■ Your goal
Would you transcribe exactly the lines from the one containing "Photo of property" to the last line of the data below, both ends included, but none of the pictures?

Records for this exercise below:

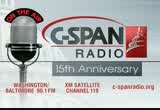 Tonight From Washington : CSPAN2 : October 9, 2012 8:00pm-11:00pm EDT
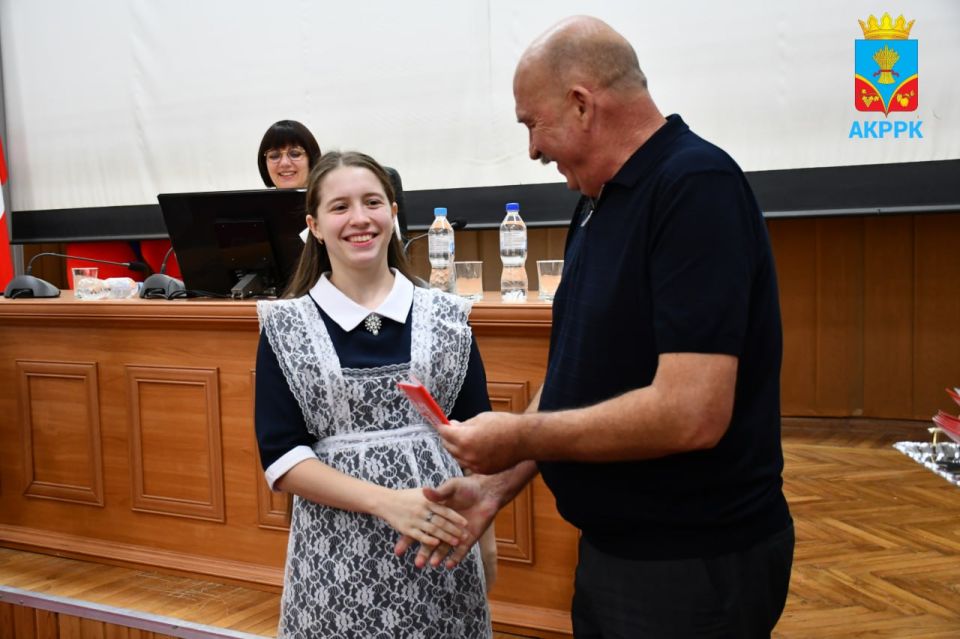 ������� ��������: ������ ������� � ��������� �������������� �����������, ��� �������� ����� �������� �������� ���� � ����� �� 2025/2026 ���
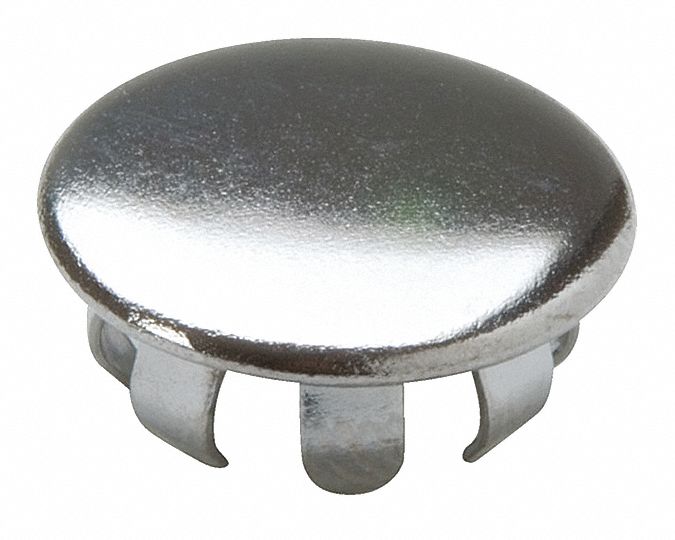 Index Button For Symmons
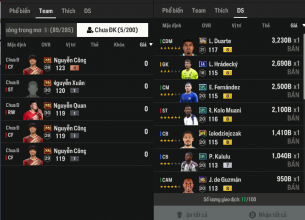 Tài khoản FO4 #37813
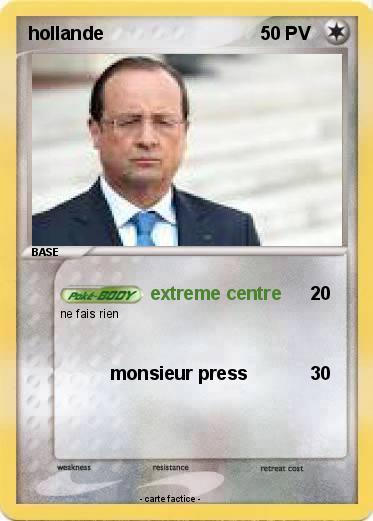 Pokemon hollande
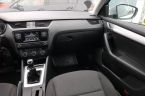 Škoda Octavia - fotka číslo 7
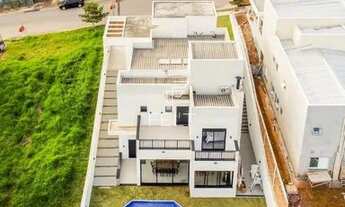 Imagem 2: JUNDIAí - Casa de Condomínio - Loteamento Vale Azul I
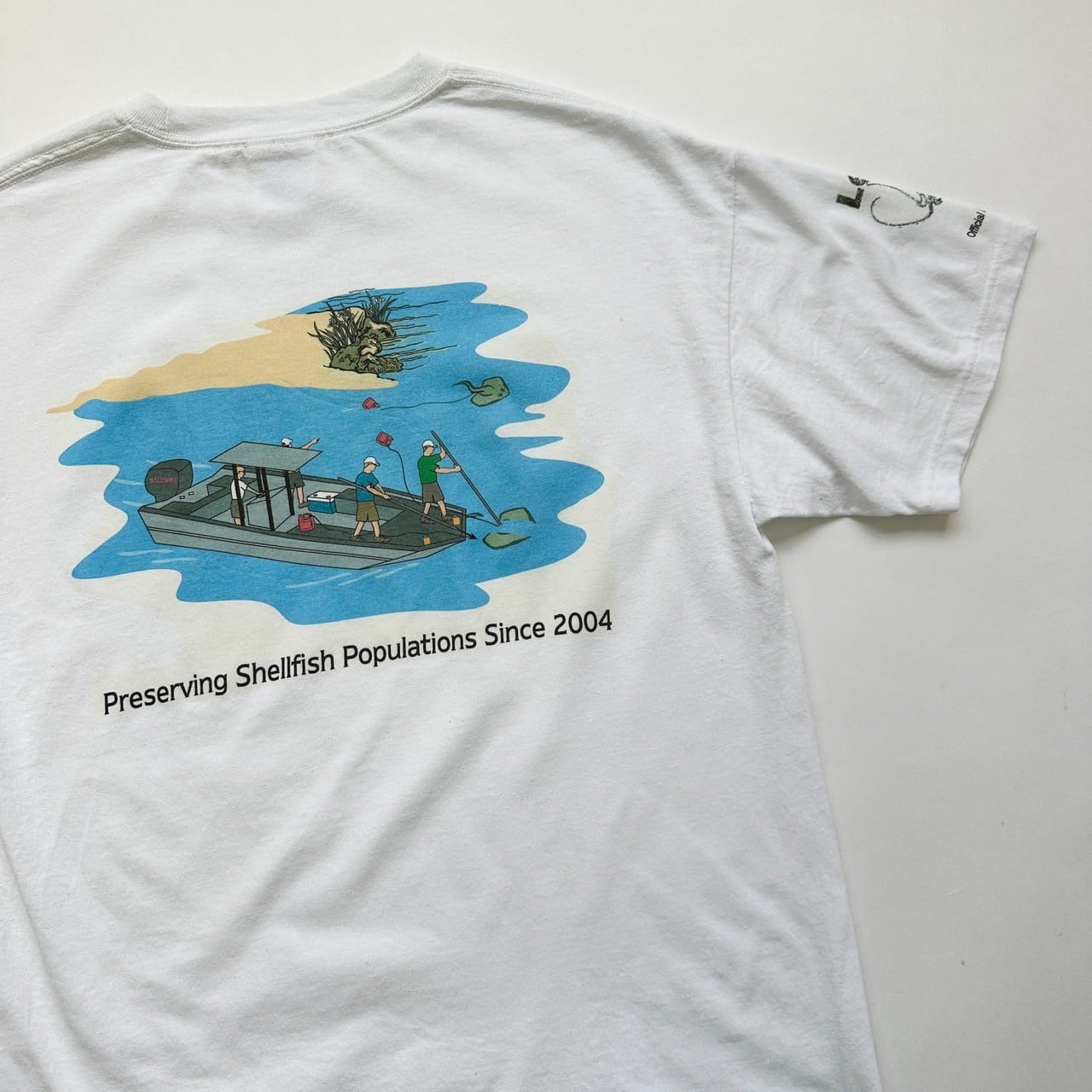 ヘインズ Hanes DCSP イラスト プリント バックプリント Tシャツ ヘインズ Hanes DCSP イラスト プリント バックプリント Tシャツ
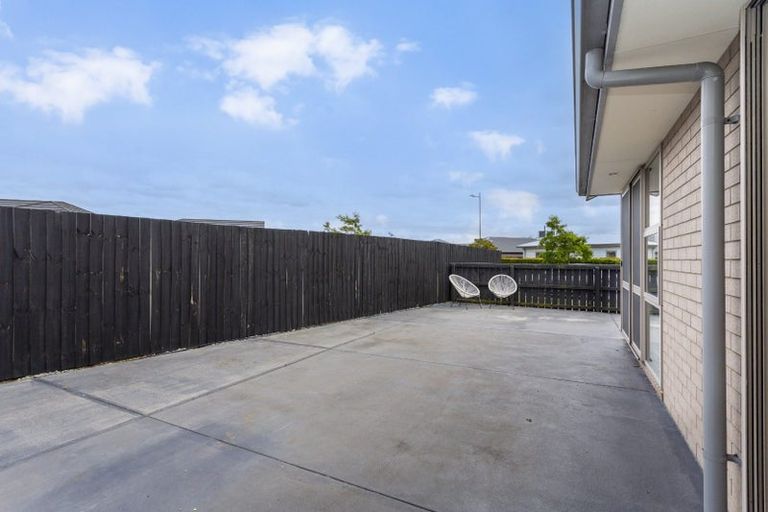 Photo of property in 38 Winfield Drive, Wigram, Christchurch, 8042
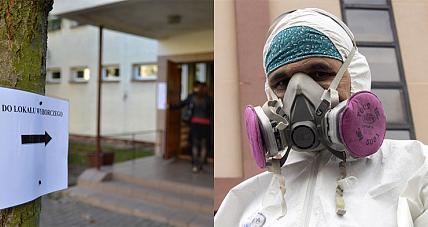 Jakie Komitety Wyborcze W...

End of Records for this exercise.

■ Solution for this exercise
 Photo of property in 38 Winfield Drive, Wigram, Christchurch, 8042
 Jakie Komitety Wyborcze W...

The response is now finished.